The Ramban in his commentary says the following, “Even if you think in your heart that they are mistaken and the thing appears obvious in your eyes like right and left, you should do as the rabbis command. You should NOT say ‘how can I eat this forbidden fat or how can I kill this innocent person?’ Rather you should say that this is what the rabbi who is the commander has commanded and it is required of me to listen to him even if he is in error.” [end quote of the Ramban]

 These words of the Ramban seem to imply that even if the rabbis were to say something completely forbidden in the Torah, it is still required to listen to them. However, the words of the Jerusalem Talmud quoted above explicitly show exactly the opposite. Furthermore, such a view would be totally illogical.

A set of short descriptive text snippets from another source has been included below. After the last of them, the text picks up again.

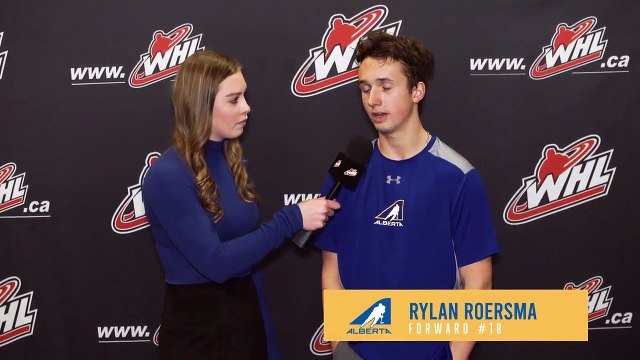 WHL Cup – Postgame: Saskatchewan (5) at Alberta (3)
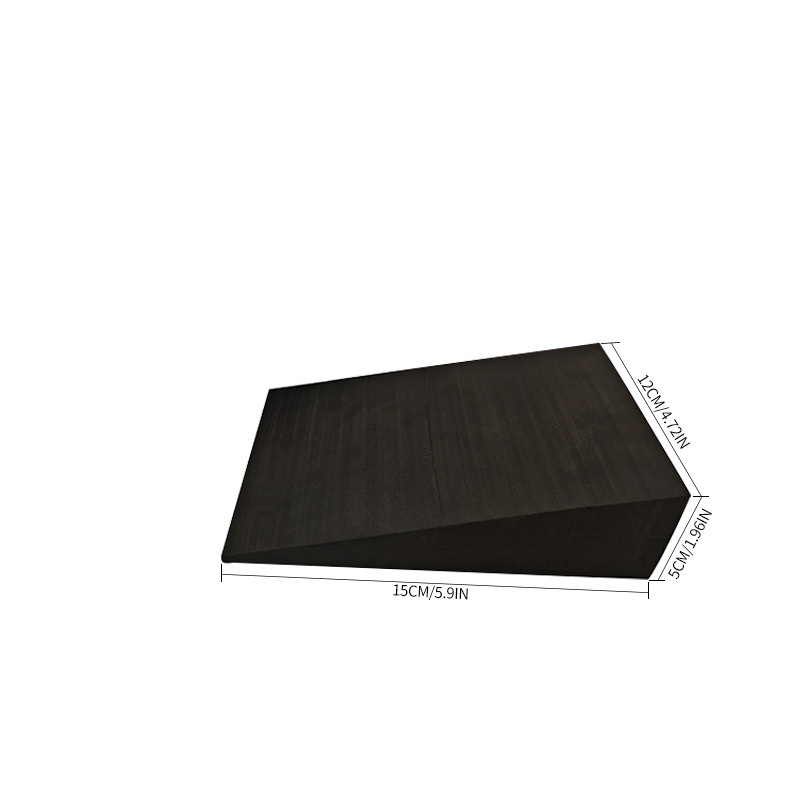 TEMU Tabla Inclinada - Ideal para Yoga, Entrenamiento de , Rehabilitación de Piernas, Estiramientos Profundos - Bloque Triangular Inclinado para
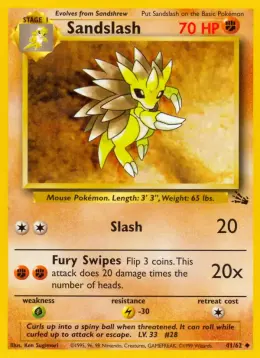 Sandslash card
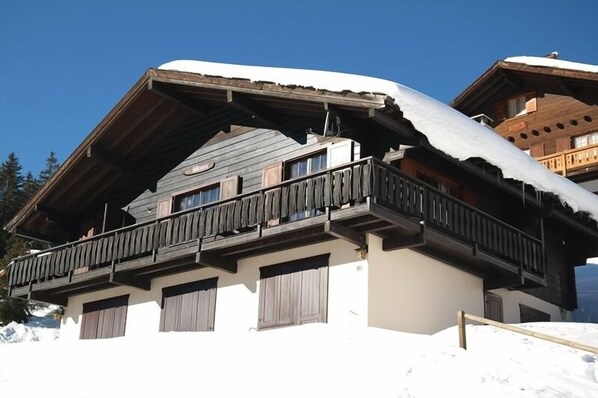 Front of property - Chalet Idlevice (Val d'Illiez)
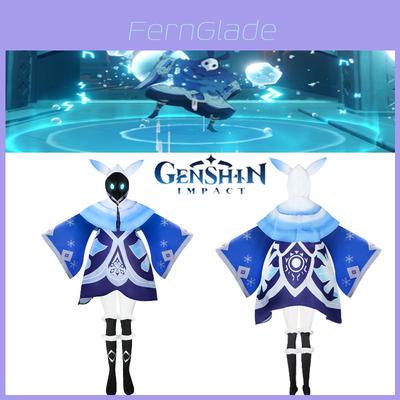Atemberaubendes Abyss-Mage-Cosplay-Kostüm für Genshin Impact-Fans Halloween-Party-Outfits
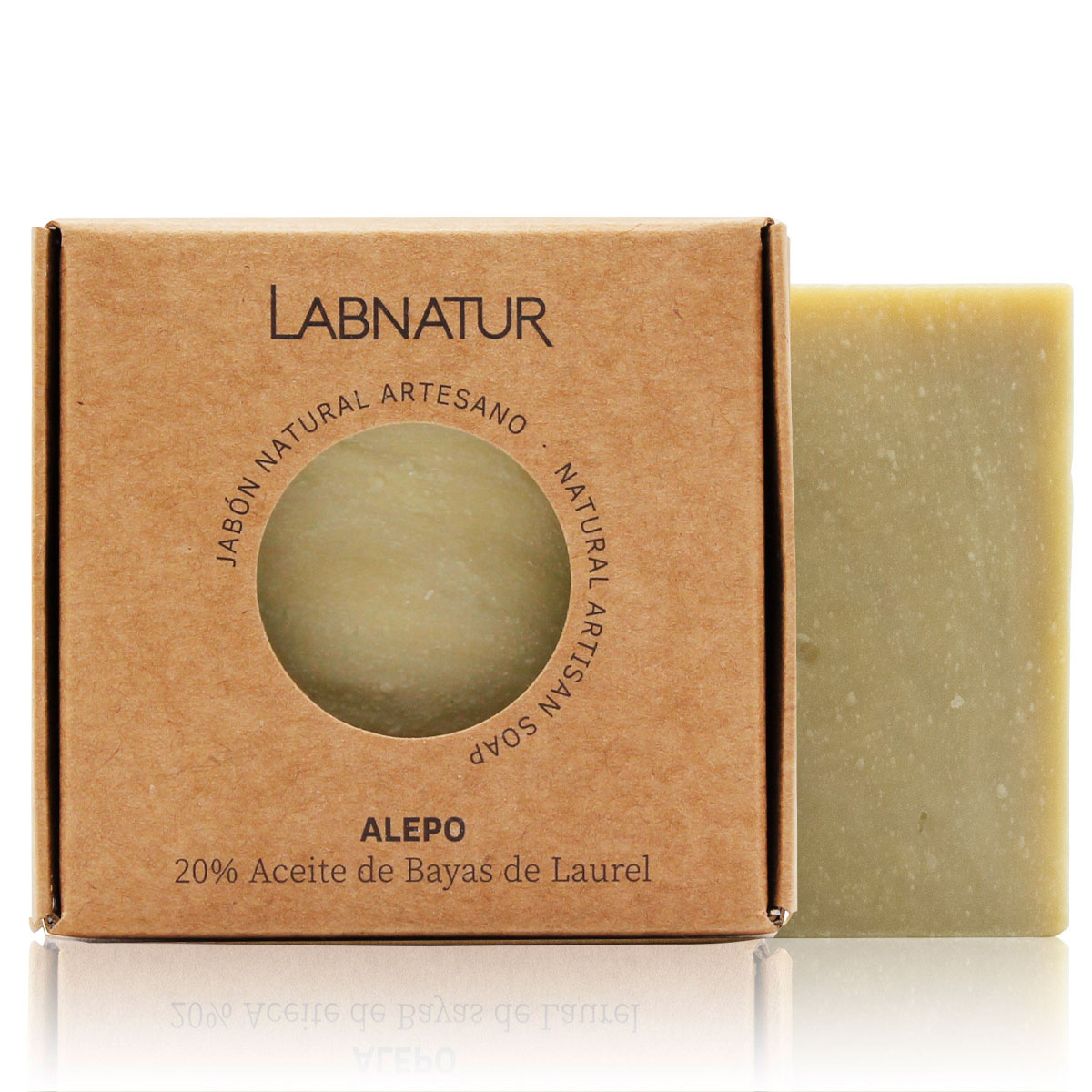 Comprar Jabón Natural Premium Alepo 20% 80 g Labnatur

The truth is that we do find in Gemora Rosh haShana 25(a) a comment on the posuk “these are the holidays that you should announce”. The Gemora states that by emphasizing the word “you” we see that even if the rabbis intentionally announce the wrong date for the holiday, the date that they announced is still binding. This, apparently, supports the position of the Ramban. However, I have already proved in my commentary on Parshat Emor that the text in the Gemora that states the word “intentionally” is a scribal error. Rather the word should be written “coerced”. That reading is also the reading of the Rambam and the Torat Cohanim.

So, one needs to be forced to explain the words of the Ramban as I originally wrote in the first paragraph above.  It can’t mean that the rabbi explicitly commands to eat forbidden fat.

DBS Note: The Torah Temimah is saying that the Ramban could not have meant what he wrote literally.